Is globalization presented as something positive on the last mind-map? [the one below] Did your group find more positive than negative aspects? Is globalization as scary word for you? Can globalization be stopped? Should it be limited? Can you imagine a world without globalization?

discussion of results

[source: http://www.bized.co.uk/educators/16-19/economics/international/presentation/globalisationmap.gif; date: 19/02/09]

II) Cartoons First step: picture description Four students get one of the cartoons and have to describe what they can see in their cartoon. They needn’t analyse it yet but just give the rest of the class an idea of the scene and the people involved. After the description the Cartoon is shown to everybody on transparency. Time: ~ 9 mins.

Second step: aspects of globalization What aspects of globalization presented on your work sheet mind-map can you find in these cartoons? Time: ~ 7 mins.
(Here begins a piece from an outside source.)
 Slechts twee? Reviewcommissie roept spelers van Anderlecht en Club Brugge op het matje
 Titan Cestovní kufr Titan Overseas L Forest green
Third step: in depth analysis of cartoons Partner work, each pair gets on cartoon. Students get instruction sheet how to deals with cartoons as well as dictionaries. They have to write a brief but concise analysis of their cartoon. Time: rest of lesson.

SKILLS: DEALING WITH CARTOONS STEP BY STEP -

First describe the scene without much reference to the artist’s intentions.

-

Then name the topic the cartoon refers to.

-

Finally explain what intentions the artist expresses and how they are expressed.

-

Watch out for details and how they work together or contradict each other. Things are often exaggerated to put them into the spotlight, drastic metaphors are employed and details often have symbolic meanings.

-

Use the present tense for descriptions (simple present to describe the place, present progressive for what’s going on and present perfect for things that have just happened).

USEFUL PHRASES: in the picture/cartoon

there is…. / you can see ….

there is / we can see ….. in the foreground / centre / background / bottom right corner …. the cartoon is about / deals with… the cartoonist criticizes / ridicules / seems to be aiming at / points out the absurdity of …. …. highlights the role of …. …. focuses on the problem of… .… illustrates how ….. … alludes to ….

III) Project This is the instruction sheet I gave my students (of course it’s adaptable):

Project: local idea – global success Tchibo Apple Virgin RedBull Nestle Schweppes-Cadbury Melitta Ford Ebay Google IKEA Heinz Ketchup Faber Castell Birkenstock

Choose one company on the list and find out:  how it started  how it has developed (expanded, changed, merged, branched off)  how global is has become and when it became a global enterprise  what ‘global’ means to them (do they have a global slogan / approach / philosophy, ..?) Try wikipedia (the English as well as the German sites), the company’s homepage, other pages (e.g. consumer watchdog sites [=Verbraucherschützer], e.g. www.consumerwatchdog.org/ )

Prepare a presentation and a poster that contains the main information. Focus on the idea of how a local company, a single person, a single idea, a single product has turned into a global player / brand / seller / success story. Don’t bore your audience with loads of facts, stick to interesting stuff. Time to work: today, tomorrow, Friday (you MUST finish your poster etc. on Friday)  presentation next Tuesday (done by one or two students).

Tips: If you print things to put them onto your poster choose a big font size [=Schriftgröße] ~16-20 and preferably a font type [=Schriftart] without serifs (like this one1). Use boxes, arrows etc. to visualize your findings.

1

By the way this is size 12, Verdana.